* **Records to use**

+ + +

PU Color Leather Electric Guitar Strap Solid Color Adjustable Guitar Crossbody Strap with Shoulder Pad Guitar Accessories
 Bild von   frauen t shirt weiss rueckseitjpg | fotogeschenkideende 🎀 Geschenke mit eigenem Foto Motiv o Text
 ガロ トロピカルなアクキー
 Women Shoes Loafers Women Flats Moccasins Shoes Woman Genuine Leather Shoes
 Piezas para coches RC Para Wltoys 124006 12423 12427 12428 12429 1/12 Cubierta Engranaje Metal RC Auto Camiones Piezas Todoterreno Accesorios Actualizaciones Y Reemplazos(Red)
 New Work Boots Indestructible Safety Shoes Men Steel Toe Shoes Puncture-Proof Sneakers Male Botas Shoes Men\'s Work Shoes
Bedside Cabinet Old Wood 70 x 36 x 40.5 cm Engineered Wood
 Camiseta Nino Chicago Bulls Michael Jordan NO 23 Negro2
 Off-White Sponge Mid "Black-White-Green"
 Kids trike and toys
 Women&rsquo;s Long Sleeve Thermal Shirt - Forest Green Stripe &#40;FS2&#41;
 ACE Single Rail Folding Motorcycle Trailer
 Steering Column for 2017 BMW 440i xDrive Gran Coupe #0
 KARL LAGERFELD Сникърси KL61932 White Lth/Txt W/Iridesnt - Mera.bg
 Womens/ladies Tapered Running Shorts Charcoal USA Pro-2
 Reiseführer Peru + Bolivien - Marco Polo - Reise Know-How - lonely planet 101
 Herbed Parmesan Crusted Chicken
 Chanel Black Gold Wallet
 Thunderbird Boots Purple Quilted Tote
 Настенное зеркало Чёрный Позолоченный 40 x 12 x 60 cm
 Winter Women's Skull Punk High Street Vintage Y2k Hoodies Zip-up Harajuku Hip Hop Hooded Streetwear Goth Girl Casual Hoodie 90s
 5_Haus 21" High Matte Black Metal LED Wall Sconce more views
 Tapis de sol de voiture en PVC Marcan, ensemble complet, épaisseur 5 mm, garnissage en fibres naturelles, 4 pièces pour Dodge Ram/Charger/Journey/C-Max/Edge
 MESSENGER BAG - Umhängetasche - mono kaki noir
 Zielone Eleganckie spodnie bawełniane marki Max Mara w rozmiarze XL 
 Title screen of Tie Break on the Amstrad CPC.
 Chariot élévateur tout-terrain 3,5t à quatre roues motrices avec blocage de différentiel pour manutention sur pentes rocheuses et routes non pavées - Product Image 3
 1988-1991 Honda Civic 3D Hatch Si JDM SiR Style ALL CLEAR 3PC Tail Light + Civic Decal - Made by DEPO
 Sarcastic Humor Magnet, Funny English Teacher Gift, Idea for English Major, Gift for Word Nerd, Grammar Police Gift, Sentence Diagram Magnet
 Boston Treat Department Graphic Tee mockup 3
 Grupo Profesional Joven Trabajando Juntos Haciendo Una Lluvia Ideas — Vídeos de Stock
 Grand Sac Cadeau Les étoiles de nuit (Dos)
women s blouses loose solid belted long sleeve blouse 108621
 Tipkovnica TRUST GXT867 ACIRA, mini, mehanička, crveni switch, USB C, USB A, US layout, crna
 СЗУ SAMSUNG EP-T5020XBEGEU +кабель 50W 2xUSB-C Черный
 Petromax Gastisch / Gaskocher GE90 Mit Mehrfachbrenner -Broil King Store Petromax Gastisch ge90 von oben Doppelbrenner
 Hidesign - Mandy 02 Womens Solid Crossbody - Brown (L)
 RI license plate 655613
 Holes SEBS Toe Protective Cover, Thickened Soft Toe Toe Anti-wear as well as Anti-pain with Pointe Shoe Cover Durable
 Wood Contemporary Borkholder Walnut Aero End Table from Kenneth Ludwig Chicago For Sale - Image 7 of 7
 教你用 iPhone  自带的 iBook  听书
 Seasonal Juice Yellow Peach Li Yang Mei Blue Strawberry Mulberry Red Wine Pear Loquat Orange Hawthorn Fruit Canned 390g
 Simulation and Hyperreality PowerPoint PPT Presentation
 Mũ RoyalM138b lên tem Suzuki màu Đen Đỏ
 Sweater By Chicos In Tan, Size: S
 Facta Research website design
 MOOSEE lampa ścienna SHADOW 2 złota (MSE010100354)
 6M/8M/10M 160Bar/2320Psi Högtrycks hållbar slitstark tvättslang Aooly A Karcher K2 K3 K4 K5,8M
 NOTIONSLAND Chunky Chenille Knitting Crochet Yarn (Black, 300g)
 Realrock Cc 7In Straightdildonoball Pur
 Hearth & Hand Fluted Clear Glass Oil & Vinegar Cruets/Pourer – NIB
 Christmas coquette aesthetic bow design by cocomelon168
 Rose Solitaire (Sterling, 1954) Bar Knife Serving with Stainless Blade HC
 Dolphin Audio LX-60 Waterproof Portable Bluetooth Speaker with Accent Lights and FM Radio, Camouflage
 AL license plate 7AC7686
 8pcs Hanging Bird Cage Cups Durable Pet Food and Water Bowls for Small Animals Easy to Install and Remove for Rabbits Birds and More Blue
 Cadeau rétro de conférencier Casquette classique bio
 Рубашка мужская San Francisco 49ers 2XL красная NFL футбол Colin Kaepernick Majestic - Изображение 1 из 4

+ + +

* **Task goal**
Every record above must be printed again exactly as it stands.

* **Problem solution**
PU Color Leather Electric Guitar Strap Solid Color Adjustable Guitar Crossbody Strap with Shoulder Pad Guitar Accessories
 Bild von   frauen t shirt weiss rueckseitjpg | fotogeschenkideende 🎀 Geschenke mit eigenem Foto Motiv o Text
 ガロ トロピカルなアクキー
 Women Shoes Loafers Women Flats Moccasins Shoes Woman Genuine Leather Shoes
 Piezas para coches RC Para Wltoys 124006 12423 12427 12428 12429 1/12 Cubierta Engranaje Metal RC Auto Camiones Piezas Todoterreno Accesorios Actualizaciones Y Reemplazos(Red)
 New Work Boots Indestructible Safety Shoes Men Steel Toe Shoes Puncture-Proof Sneakers Male Botas Shoes Men\'s Work Shoes
Bedside Cabinet Old Wood 70 x 36 x 40.5 cm Engineered Wood
 Camiseta Nino Chicago Bulls Michael Jordan NO 23 Negro2
 Off-White Sponge Mid "Black-White-Green"
 Kids trike and toys
 Women&rsquo;s Long Sleeve Thermal Shirt - Forest Green Stripe &#40;FS2&#41;
 ACE Single Rail Folding Motorcycle Trailer
 Steering Column for 2017 BMW 440i xDrive Gran Coupe #0
 KARL LAGERFELD Сникърси KL61932 White Lth/Txt W/Iridesnt - Mera.bg
 Womens/ladies Tapered Running Shorts Charcoal USA Pro-2
 Reiseführer Peru + Bolivien - Marco Polo - Reise Know-How - lonely planet 101
 Herbed Parmesan Crusted Chicken
 Chanel Black Gold Wallet
 Thunderbird Boots Purple Quilted Tote
 Настенное зеркало Чёрный Позолоченный 40 x 12 x 60 cm
 Winter Women's Skull Punk High Street Vintage Y2k Hoodies Zip-up Harajuku Hip Hop Hooded Streetwear Goth Girl Casual Hoodie 90s
 5_Haus 21" High Matte Black Metal LED Wall Sconce more views
 Tapis de sol de voiture en PVC Marcan, ensemble complet, épaisseur 5 mm, garnissage en fibres naturelles, 4 pièces pour Dodge Ram/Charger/Journey/C-Max/Edge
 MESSENGER BAG - Umhängetasche - mono kaki noir
 Zielone Eleganckie spodnie bawełniane marki Max Mara w rozmiarze XL 
 Title screen of Tie Break on the Amstrad CPC.
 Chariot élévateur tout-terrain 3,5t à quatre roues motrices avec blocage de différentiel pour manutention sur pentes rocheuses et routes non pavées - Product Image 3
 1988-1991 Honda Civic 3D Hatch Si JDM SiR Style ALL CLEAR 3PC Tail Light + Civic Decal - Made by DEPO
 Sarcastic Humor Magnet, Funny English Teacher Gift, Idea for English Major, Gift for Word Nerd, Grammar Police Gift, Sentence Diagram Magnet
 Boston Treat Department Graphic Tee mockup 3
 Grupo Profesional Joven Trabajando Juntos Haciendo Una Lluvia Ideas — Vídeos de Stock
 Grand Sac Cadeau Les étoiles de nuit (Dos)
women s blouses loose solid belted long sleeve blouse 108621
 Tipkovnica TRUST GXT867 ACIRA, mini, mehanička, crveni switch, USB C, USB A, US layout, crna
 СЗУ SAMSUNG EP-T5020XBEGEU +кабель 50W 2xUSB-C Черный
 Petromax Gastisch / Gaskocher GE90 Mit Mehrfachbrenner -Broil King Store Petromax Gastisch ge90 von oben Doppelbrenner
 Hidesign - Mandy 02 Womens Solid Crossbody - Brown (L)
 RI license plate 655613
 Holes SEBS Toe Protective Cover, Thickened Soft Toe Toe Anti-wear as well as Anti-pain with Pointe Shoe Cover Durable
 Wood Contemporary Borkholder Walnut Aero End Table from Kenneth Ludwig Chicago For Sale - Image 7 of 7
 教你用 iPhone  自带的 iBook  听书
 Seasonal Juice Yellow Peach Li Yang Mei Blue Strawberry Mulberry Red Wine Pear Loquat Orange Hawthorn Fruit Canned 390g
 Simulation and Hyperreality PowerPoint PPT Presentation
 Mũ RoyalM138b lên tem Suzuki màu Đen Đỏ
 Sweater By Chicos In Tan, Size: S
 Facta Research website design
 MOOSEE lampa ścienna SHADOW 2 złota (MSE010100354)
 6M/8M/10M 160Bar/2320Psi Högtrycks hållbar slitstark tvättslang Aooly A Karcher K2 K3 K4 K5,8M
 NOTIONSLAND Chunky Chenille Knitting Crochet Yarn (Black, 300g)
 Realrock Cc 7In Straightdildonoball Pur
 Hearth & Hand Fluted Clear Glass Oil & Vinegar Cruets/Pourer – NIB
 Christmas coquette aesthetic bow design by cocomelon168
 Rose Solitaire (Sterling, 1954) Bar Knife Serving with Stainless Blade HC
 Dolphin Audio LX-60 Waterproof Portable Bluetooth Speaker with Accent Lights and FM Radio, Camouflage
 AL license plate 7AC7686
 8pcs Hanging Bird Cage Cups Durable Pet Food and Water Bowls for Small Animals Easy to Install and Remove for Rabbits Birds and More Blue
 Cadeau rétro de conférencier Casquette classique bio
 Рубашка мужская San Francisco 49ers 2XL красная NFL футбол Colin Kaepernick Majestic - Изображение 1 из 4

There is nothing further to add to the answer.